DATA RECORDS »
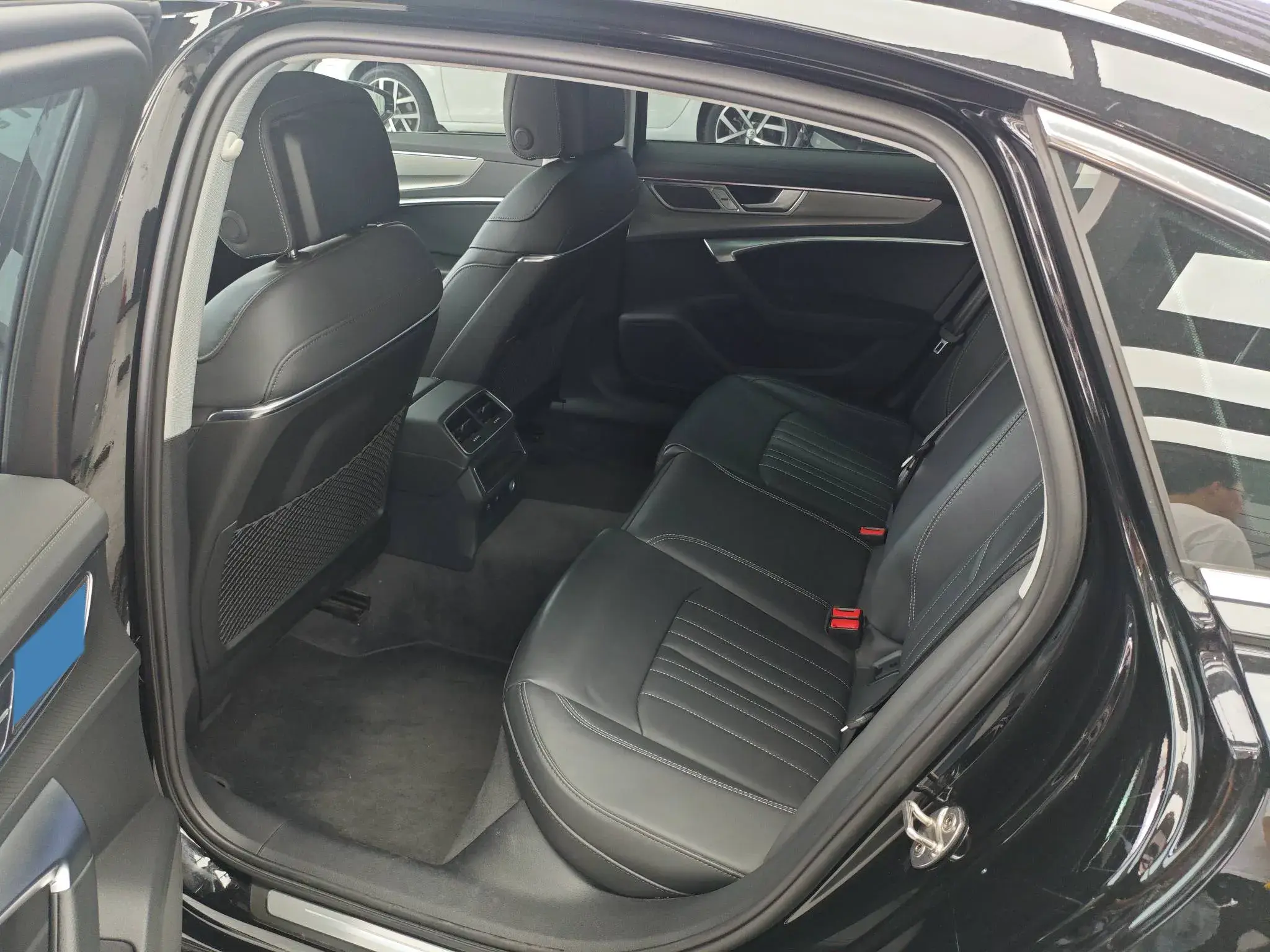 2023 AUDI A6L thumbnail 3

--

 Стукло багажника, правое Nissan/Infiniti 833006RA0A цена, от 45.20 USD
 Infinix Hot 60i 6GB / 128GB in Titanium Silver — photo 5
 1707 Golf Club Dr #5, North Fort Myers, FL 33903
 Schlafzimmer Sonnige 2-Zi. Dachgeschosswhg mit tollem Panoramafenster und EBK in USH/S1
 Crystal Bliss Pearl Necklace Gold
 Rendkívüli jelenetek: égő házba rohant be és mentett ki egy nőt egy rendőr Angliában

...

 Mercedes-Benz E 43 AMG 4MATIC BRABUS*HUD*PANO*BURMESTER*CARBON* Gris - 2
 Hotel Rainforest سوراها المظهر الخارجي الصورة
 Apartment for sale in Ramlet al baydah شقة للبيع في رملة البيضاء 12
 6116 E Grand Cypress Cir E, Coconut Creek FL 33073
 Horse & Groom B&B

YOUR ASSIGNMENT » Print exactly the lines above, between the one holding "1707 Golf Club" and the one holding "Rendkívüli jelenetek: égő", inclusive, and nothing besides.

COMPLETED EXERCISE »
 1707 Golf Club Dr #5, North Fort Myers, FL 33903
 Schlafzimmer Sonnige 2-Zi. Dachgeschosswhg mit tollem Panoramafenster und EBK in USH/S1
 Crystal Bliss Pearl Necklace Gold
 Rendkívüli jelenetek: égő házba rohant be és mentett ki egy nőt egy rendőr Angliában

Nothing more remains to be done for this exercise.